« Il faut encourager l’empowerment des étudiants en santé »
Le 15 juillet 2019, Frédérique Vidal, ministre de l'Enseignement supérieur, de la Recherche et de l'Innovation et Agnès Buzyn, ministre des Solidarités et de la Santé, ont acté la création du Centre national d’appui (CNA) pour favoriser une meilleure qualité de vie des étudiants en santé. Quel est son rôle ? Comment travaille-t-il ? Le point avec sa présidente, Donata Marra.
Propos recueillis par Laure Martin.
Le Centre national d'appui à la qualité de vie des étudiants en santé a été instauré un peu plus d’un an après la remise de votre rapport sur cette thématique. Quelles sont ses principales missions ?

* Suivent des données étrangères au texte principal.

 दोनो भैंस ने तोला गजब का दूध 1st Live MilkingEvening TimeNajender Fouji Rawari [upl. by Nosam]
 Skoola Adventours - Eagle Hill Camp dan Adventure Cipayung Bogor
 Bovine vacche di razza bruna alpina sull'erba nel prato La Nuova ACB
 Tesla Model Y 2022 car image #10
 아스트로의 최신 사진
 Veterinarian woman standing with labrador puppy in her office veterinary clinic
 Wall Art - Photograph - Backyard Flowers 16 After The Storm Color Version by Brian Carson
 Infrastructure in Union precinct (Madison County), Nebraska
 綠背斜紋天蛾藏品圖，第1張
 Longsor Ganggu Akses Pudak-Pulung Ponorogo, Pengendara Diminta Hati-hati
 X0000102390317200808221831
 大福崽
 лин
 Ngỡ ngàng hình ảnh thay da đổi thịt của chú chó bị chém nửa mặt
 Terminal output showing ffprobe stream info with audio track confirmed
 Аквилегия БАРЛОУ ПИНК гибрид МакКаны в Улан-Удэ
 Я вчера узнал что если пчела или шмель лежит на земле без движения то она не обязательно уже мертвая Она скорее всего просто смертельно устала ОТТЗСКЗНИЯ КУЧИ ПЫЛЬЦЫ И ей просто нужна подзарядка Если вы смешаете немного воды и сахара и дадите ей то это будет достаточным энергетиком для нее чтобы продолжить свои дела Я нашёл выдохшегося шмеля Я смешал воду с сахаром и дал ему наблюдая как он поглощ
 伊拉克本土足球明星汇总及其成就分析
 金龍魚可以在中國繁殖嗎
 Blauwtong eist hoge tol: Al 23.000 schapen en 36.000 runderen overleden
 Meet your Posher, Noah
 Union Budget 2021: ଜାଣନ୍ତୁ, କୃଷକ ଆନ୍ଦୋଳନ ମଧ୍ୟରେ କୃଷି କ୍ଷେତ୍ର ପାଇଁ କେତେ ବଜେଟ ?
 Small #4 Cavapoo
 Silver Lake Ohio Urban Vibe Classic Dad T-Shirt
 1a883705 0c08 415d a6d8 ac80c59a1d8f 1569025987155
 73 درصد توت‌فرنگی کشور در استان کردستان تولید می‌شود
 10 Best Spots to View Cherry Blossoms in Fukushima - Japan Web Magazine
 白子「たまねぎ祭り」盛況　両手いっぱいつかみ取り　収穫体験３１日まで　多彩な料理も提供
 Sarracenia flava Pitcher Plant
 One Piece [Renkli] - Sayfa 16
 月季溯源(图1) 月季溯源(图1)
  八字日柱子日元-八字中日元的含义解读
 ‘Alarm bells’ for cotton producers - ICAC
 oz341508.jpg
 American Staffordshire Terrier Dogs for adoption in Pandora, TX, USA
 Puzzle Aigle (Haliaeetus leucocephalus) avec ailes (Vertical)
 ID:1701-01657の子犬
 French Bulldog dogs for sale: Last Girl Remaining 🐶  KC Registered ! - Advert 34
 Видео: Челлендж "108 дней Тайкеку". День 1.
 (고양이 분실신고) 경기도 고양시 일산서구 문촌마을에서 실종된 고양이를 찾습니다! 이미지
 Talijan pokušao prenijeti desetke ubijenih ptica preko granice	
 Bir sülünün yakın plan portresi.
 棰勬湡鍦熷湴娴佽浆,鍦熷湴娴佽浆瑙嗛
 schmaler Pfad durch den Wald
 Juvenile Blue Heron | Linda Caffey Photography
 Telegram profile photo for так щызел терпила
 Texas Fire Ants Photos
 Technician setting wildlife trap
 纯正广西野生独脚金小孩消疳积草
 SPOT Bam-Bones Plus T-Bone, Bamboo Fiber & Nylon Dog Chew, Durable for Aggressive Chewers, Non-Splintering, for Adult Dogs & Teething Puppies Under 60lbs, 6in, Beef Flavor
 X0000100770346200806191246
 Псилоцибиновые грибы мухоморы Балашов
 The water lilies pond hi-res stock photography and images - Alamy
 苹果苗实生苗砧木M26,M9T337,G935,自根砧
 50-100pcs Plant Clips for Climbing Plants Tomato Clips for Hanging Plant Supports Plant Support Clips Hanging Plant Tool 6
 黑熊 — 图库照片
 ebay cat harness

A la suite de la remise de mon rapport, les ministères de la Santé et de l’Enseignement supérieur se sont engagés à mettre en place quinze mesures (lire encadré). Le CNA est chargé de la mise en œuvre de certaines des interventions découlant de ces engagements. Il va initier et déterminer les objectifs, les modalités, les tester, les mettre en place et les diffuser auprès des universités qui vont se les approprier localement. Le CNA va par ailleurs coordonner le suivi d’autres interventions mises en œuvre par d’autres structures.
Le rôle du CNA se concentre sur les étudiants en santé, mais il va néanmoins veiller à ce que les actions et recommandations utiles aux étudiants des autres filières soient connues et transmises. Ainsi, au sein du comité de direction siègent un membre de la conférence des présidents d’universités et au niveau du comité plénier, un représentant des vice-présidents étudiants universitaires, qui assure le lien avec l’ensemble des étudiants. Notre premier séminaire d’échange des structures d’accompagnement des étudiants en santén a eu lieu le 4 novembre en présence detous le s représentants des étudiants, et des responsables d’enseignement impliqués dans les aides aux étudiants. Cette ouverture sera constante.
De quels moyens d’actions disposez-vous ?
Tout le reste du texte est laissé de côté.